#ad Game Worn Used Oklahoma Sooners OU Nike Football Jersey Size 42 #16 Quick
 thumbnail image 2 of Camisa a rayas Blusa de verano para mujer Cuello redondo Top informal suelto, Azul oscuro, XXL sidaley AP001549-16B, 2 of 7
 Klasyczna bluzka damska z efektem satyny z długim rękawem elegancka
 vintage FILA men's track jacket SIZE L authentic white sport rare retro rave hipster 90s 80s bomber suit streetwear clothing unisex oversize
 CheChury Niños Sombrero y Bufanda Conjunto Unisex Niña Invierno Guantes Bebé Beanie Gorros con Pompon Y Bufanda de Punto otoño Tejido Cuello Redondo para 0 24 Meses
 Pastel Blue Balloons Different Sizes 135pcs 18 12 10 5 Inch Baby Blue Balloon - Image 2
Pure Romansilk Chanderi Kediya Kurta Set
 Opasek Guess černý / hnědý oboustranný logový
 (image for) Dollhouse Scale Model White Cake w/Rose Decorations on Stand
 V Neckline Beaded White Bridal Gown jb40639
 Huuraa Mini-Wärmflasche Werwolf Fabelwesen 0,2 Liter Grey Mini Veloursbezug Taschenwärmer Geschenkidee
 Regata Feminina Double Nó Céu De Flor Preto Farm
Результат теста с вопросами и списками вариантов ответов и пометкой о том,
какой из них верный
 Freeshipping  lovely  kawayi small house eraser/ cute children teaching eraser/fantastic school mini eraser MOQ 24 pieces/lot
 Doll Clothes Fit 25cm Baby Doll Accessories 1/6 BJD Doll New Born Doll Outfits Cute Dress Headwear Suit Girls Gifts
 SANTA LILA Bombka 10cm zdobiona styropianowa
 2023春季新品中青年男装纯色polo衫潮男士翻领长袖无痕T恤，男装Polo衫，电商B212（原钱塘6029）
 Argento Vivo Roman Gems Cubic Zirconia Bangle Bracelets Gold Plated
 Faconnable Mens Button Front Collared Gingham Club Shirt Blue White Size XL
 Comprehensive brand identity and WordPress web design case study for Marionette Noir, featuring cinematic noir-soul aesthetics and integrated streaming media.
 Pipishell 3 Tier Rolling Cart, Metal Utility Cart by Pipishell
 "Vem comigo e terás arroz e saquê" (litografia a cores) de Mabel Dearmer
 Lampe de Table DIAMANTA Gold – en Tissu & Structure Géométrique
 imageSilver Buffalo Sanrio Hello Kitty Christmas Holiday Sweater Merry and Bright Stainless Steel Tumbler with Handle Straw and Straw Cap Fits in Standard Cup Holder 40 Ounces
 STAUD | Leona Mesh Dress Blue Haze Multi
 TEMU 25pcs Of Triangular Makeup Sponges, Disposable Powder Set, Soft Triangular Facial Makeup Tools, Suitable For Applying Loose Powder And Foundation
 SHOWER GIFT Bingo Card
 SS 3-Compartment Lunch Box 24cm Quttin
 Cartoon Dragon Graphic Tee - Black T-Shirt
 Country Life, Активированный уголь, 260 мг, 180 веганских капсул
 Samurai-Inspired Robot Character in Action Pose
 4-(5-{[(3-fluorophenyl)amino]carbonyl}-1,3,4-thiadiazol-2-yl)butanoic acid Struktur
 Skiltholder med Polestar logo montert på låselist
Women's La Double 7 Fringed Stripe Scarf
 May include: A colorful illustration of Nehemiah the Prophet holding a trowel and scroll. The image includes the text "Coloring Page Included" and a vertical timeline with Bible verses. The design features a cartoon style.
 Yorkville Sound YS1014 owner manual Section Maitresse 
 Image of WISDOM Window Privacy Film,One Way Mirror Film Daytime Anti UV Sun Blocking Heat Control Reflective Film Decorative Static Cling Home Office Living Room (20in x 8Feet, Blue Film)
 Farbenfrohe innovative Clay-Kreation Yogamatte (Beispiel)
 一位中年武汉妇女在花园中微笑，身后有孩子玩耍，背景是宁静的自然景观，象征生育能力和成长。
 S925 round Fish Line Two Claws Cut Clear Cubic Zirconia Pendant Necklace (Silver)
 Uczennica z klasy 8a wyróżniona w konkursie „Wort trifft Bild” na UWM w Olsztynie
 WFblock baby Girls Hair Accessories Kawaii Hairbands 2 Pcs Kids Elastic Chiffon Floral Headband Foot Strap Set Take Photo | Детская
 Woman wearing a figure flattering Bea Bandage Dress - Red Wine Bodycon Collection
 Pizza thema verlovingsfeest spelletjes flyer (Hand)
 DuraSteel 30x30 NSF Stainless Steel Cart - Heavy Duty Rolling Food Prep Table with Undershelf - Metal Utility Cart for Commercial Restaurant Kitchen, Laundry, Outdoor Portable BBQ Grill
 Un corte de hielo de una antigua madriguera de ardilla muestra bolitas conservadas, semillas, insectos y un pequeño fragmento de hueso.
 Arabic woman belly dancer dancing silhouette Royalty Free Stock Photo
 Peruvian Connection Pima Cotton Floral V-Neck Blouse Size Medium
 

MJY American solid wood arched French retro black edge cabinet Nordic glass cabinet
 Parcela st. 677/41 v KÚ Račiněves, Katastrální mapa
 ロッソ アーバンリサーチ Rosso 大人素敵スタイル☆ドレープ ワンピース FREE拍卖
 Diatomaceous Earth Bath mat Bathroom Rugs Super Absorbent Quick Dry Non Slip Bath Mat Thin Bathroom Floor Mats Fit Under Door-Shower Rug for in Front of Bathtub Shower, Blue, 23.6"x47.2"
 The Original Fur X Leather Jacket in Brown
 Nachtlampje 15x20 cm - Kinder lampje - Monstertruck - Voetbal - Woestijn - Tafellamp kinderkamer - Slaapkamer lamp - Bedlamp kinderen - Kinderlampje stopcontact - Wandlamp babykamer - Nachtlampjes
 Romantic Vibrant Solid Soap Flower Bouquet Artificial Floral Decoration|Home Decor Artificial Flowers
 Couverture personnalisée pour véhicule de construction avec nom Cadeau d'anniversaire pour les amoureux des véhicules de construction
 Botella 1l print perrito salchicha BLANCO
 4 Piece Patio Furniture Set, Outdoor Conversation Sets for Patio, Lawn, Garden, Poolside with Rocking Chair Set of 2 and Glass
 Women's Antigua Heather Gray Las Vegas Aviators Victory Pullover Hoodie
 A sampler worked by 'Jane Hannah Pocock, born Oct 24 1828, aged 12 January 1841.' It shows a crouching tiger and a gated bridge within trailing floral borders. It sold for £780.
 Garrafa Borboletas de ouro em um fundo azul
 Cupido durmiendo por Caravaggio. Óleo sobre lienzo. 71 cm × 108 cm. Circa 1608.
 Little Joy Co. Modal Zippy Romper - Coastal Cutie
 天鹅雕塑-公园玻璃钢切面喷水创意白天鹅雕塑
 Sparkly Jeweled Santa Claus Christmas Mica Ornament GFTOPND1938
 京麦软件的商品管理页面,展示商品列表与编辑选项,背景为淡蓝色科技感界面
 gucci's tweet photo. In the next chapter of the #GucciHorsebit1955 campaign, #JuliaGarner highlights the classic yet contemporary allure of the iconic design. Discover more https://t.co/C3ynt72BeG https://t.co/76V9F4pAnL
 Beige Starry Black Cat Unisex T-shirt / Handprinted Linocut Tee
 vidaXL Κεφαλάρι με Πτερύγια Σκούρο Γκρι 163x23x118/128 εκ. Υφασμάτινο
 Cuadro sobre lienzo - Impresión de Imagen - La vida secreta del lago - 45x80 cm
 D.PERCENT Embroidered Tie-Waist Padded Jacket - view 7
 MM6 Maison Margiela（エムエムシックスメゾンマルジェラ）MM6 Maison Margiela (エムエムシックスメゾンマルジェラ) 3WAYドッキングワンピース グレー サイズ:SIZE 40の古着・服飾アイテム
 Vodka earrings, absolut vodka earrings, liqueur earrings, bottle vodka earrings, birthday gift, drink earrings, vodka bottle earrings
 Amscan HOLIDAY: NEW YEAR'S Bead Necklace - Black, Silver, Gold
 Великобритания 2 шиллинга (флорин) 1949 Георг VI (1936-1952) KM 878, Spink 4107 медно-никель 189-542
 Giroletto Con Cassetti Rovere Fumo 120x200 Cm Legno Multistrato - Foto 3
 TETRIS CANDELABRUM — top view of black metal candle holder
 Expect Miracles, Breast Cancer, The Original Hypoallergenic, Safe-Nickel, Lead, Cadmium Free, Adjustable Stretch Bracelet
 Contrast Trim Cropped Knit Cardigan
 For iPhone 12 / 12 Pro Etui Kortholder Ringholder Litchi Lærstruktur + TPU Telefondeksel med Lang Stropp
* * * * * * *
• _Work item_
Please list every line of the records that contains "retro".

• _Written answer_
 vintage FILA men's track jacket SIZE L authentic white sport rare retro rave hipster 90s 80s bomber suit streetwear clothing unisex oversize
MJY American solid wood arched French retro black edge cabinet Nordic glass cabinet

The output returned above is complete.